Florian Lejeune has started the last three Premier League matches alongside Jamaal Lascelles.
Forced off after only half an hour of the opening game v Tottenham, the Frenchman’s return from injury and introduction to the team has been another reminder of just how strong Newcastle are in the centre-back position.
Apart from a moment of madness when gifting a penalty at Southampton, Florian Lejeune hasn’t really put a foot wrong.
A bit of a strange route has led the defender to the Premier League, as despite now being 26, playing in La Liga last season for minnows Eibar was his first year playing in any top tier.
In fact, in his latest interview, Florian Lejeune has explained how that route to English football’s top tier was even more unusual, as rather than being on the books of a major club as a kid/teenager, he instead trained and played for a number of minor/amateur French clubs.
Eventually progressing to lower league professional clubs in both France and Spain.

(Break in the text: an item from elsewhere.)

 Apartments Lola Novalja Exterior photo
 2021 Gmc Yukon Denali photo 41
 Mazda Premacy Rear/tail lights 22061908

Despite this alternative career path, Lejeune still harbours hopes of playing for his country.
If he can stay in the Newcastle team and impress in the Premier League, then no reason why he can’t be a late developer for both club and country.
Florian Lejuene talking to official match programme (v Bournemouth):
“I have a background which is different to a lot of footballers, as I did not have the chance to go to a training centre.
“I didn’t go to an official training centre, but that is why I succeeded, I had the mental strength to say I could succeed.
“I played with many clubs, met many managers, and I think this experience is what really made me, and gave me my strength.
“The chance I had was to have a really normal childhood, with my friends and family, and grow up normally…not be closed in a training centre, with only footballers and talking only about football.
“I could grow up normally and later on this helped me, as I was able to really make the most of my youth.
“Of course it (playing for France) is in the back of my mind, even if I have never played for them yet.
“My progress is good and I am here at a big club in Newcastle with a great manager, who also asked me what my ambitions were and posed the same question. I told him I’d love to play for France.
“And so if I want to do that, I need to do better things in training and in games.
“For me, at present, the most important thing is to start for Newcastle and to put in good performances for the team.”